A House panel demands to see the unclassified version of a summary the State Department prepared on America's 2021 exit from Afghanistan.

WASHINGTON (CN) — The State Department should make public the full version of a posthumous review of the 2021 U.S. exit from Afghanistan, Texas Republican Michael McCaul relayed Tuesday to the Biden administration’s top diplomat.

McCaul, who chairs the House Foreign Affairs Committee, has leaned hard on the agency in recent months for documents related to the Afghanistan drawdown, including the agency’s official after-action report compiled in December 2021 by Ambassador Dan Smith.

Earlier this month, the State Department appeared to have answered the lawmaker's demands — at least in part — with the transmission of a classified, redacted version of the after-action report.
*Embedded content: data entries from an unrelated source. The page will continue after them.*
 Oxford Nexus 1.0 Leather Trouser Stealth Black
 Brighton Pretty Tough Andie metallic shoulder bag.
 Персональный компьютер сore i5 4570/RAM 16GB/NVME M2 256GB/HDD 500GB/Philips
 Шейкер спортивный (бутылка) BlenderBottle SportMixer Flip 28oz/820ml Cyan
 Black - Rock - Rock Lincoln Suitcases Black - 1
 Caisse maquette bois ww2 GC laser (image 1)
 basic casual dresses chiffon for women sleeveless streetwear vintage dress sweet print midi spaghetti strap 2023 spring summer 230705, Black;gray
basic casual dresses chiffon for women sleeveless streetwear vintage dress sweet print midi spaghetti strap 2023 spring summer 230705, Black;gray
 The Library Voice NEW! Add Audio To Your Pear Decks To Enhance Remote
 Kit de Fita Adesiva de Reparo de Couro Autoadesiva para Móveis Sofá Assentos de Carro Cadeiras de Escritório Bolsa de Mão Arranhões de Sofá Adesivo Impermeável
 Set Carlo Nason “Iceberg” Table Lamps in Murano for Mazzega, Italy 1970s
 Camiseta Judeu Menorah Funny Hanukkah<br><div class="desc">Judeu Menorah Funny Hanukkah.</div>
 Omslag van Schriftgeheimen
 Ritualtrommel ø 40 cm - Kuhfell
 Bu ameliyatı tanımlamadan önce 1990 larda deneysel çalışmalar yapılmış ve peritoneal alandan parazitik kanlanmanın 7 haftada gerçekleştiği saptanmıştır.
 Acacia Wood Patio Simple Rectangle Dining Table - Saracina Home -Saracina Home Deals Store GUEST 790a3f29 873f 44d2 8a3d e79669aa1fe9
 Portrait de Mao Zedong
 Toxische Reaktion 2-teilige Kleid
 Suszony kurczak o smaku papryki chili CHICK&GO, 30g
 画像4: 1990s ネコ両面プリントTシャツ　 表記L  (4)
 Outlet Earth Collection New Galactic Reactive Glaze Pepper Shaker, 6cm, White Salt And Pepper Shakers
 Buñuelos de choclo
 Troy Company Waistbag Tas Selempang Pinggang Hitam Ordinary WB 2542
McCaul contended Tuesday, however, that the American people should also get a chance to look over the document themselves in the name of transparency.

“There is a strong public interest in the Department sharing the results of its After-Action Review to the fullest extent possible,” McCaul told Secretary of State Antony Blinken in a letter dated Tuesday.

McCaul and other congressional Republicans have been heavily critical of the Biden administration’s approach to withdrawing from Afghanistan, calling it a military and diplomatic failure that caused unnecessary loss of life. The congressman pointed to several findings in the State Department’s review that he said bolster those claims.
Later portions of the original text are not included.